Per sfanculare quello che resta dei principi della democrazia e fondare una “nuova rivoluzione americana”, Thiel ha messo su Palantir Technologies, uno tra i pochi colossi della Silicon Valley che collabora con le agenzie militari e di intelligence statunitensi, procurando le informazioni per prendere di mira gli oppositori politici di ‘’The Donald’’, inclusa la repressione dell’immigrazione: dei 229,2 milioni di dollari per commesse pubbliche, il pagamento più importante (50,31 milioni) è arrivato dall’ICE, il famigerato ‘’Immigration and Customs Enforcement’’.
Nota per la sua capacità di formare ingegneri del software con elevata capacità di lavoro e di sacrificio (“Palantir Mafia può masticare il vetro”), Thiel vanta clienti in ogni angolo del mondo (Oman, Giordania, Iraq, Siria, Germania, etc) ai quali fornisce piattaforme di data intelligence.
Se mezzo mondo è finito a gambe all’aria, il futuro della mente strategica del trumpismo sembra tinto di “verdoni”. Le sue azioni sono quintuplicate negli ultimi 12 mesi, arrivando a capitalizzare 326,35 miliardi di dollari, non solo grazie alle commesse di Trump ma anche agli stretti interessi con l’intelligence israeliana del Mossad (uno dei motivi per cui Trump non rompe con la macelleria di Netanyahu si chiama appunto Thiel).
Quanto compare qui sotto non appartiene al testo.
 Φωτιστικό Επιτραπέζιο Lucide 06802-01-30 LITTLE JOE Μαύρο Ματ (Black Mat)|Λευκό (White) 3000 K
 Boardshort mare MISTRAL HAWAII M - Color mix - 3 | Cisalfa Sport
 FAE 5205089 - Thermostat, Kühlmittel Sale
Ah, dimenticavamo: Bessent e Thiel hanno in comune non solo Trump ma lo stesso desiderio sessuale: sono ambedue dichiaratamente gay. Thiel fece il suo coming out addirittura dal palco della convention repubblicana nel 2016, quando era in campagna per la prima candidatura di Trump alla presidenza, e un anno dopo si sposò a Vienna con il suo compagno di lunga data Matt Danzeisen, manager della sua società di investimenti Thiel capital. La loro unione è stata rallegrata dalla nascita di una bambina.